They say a week is a long time in politics, and this week, coronavirus was a case in point.

Over the course of the week, I stopped shaking hands altogether. To start with it felt rude and distant turning down a handshake, but by the end of the week, people were apologising for even trying to reach for one. Initially a few people wanted to bump elbows instead. Until someone pointed out that if you don’t have a tissue, you should cough and sneeze into the crook of your arm.

In Parliament, the first MP was diagnosed. Those who had been in close contact or proximity to her were urged to self-isolate. Some MPs highlighted that many staff in Parliament don’t know whether they would have been or not – not every parliamentary researcher, intern, canteen worker or doorman will know who every MP is. To be honest, even I would struggle.

My chief whip asked if I’d had any contact with her. Nope, I hadn’t. Media outfits asked if I’d been at the Number 10 event that she had attended. Nope, I hadn’t.

The new social shame of sneezing without a tissue or hand gel at the ready was a reality, as discovered by one guilty MP in the Chamber who sat red-faced, with all opposition eyes glaring at him.

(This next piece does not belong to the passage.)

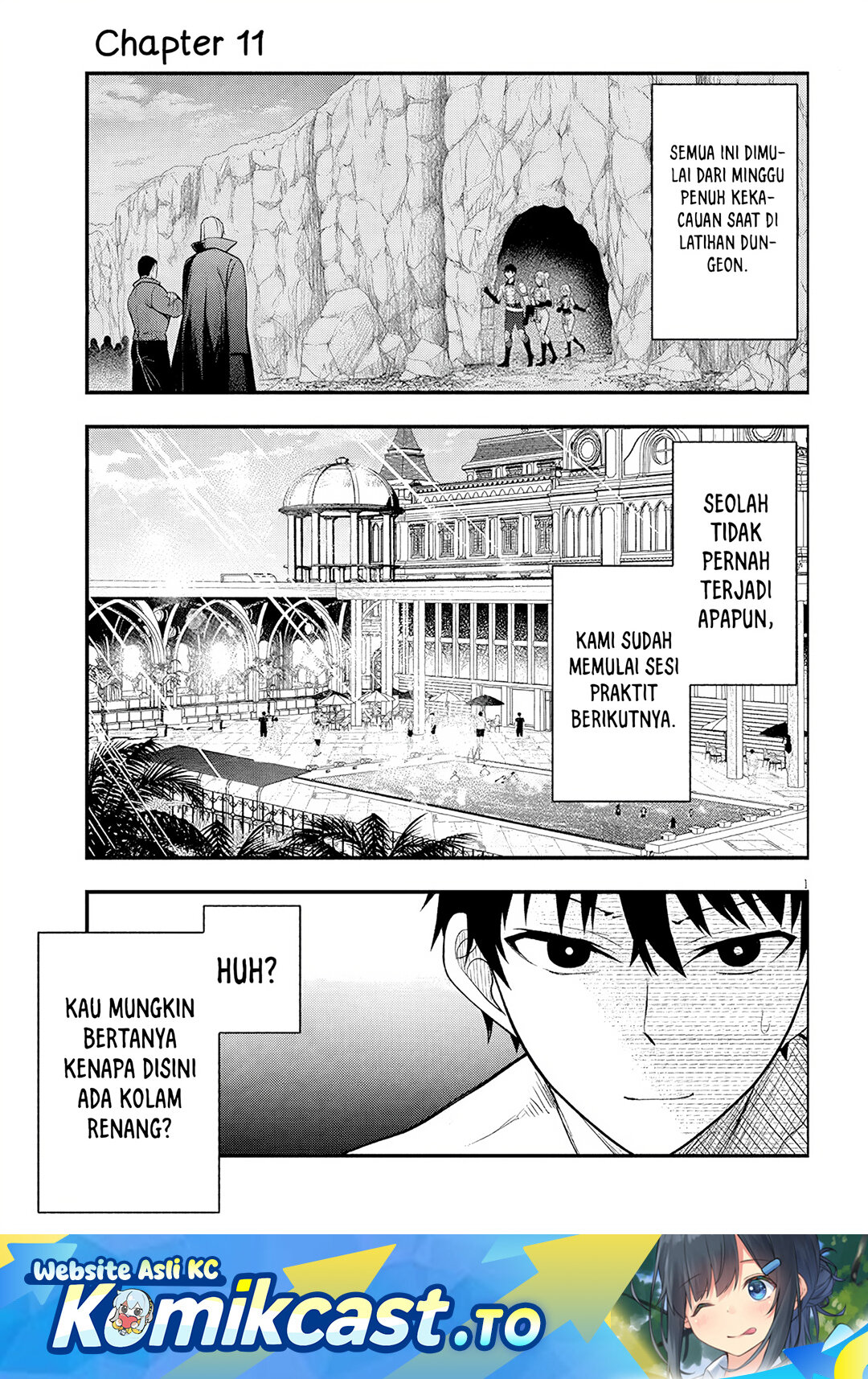 Henkyou Mob Kizoku no Uchi ni Totsui de Kita Akuyaku Reijou ga, Mechakucha Dekiru Yoi Yome Nandaga? Chapter 11 Gambar 2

In the lift, a rather stoic looking female MP asked what I made of the whole thing. It’s always good to answer questions with a witticism in the lift, because you’re only ever going up or down by a maximum three floors. I joked that I wished us MPs could legislate to force Chris Whitty (the Chief Medical Officer) to self-isolate – “if we can keep him safe, we should be alright”, I said. “Very good!” she replied, and we went our separate ways.

As I write, the local elections have just been postponed by a year. By the time you read this, events will have changed further still. A week might be a long time in politics but in St Albans, plans to help are popping up daily: community groups, pubs, banks, and volunteer networks stand ready to help anyone who might find themselves in need.